Updating Dimensions

(I’m brand new to CloverETL and DataWarehousing in general, so feel free to let me know if I’m way off track)

Anyhow, I’m planning on using CloverETL to populate a data-mart. I’m trying to figure out the best way to create and update some of my dimensions (which will be relatively small, but dynamic).

As I understand it now, I could do an outer-join against the existing dimension table and locate the missings records for insertion. I would then have to remove duplicates (not sure how) and assign each record a unique id as primary key.

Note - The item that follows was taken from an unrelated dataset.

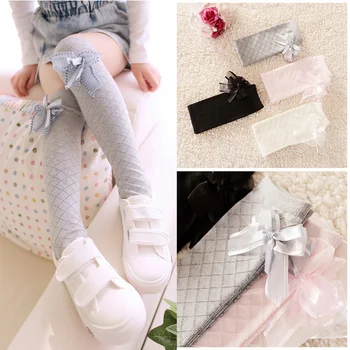 Sevimli çocuk Diz üstü çorap Toddlers Çocuklar için Bebek Kız Katı İlmek Pamuk Prenses Elbise Bale Uzun Çorap bacak ısıtıcısı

I’d then have to re-run the outer-join in order to locate the foreign keys for my fact table.

Since the dimensions are relatively small, I was thinking of speeding up processing by using a LookupTable that I could dynamically update during processing with any new entries. I can use the table size to safely allocate new unique ids, and will just need to write the new entries to an external file so I can upload them to the data-mart.

SimpleLookupTable doesn’t seem to support the extensions I require (or a method to get the table size), so I may have to implement something new. Is this a practical solution to (what must be a common?) problem? Or have I missed something obvious?

Thanks in advance,
Peter

You might want ot try the new “Dat intersect” component. It can give you the dimensional inserts, deletes and updates in different out streams in a single pass.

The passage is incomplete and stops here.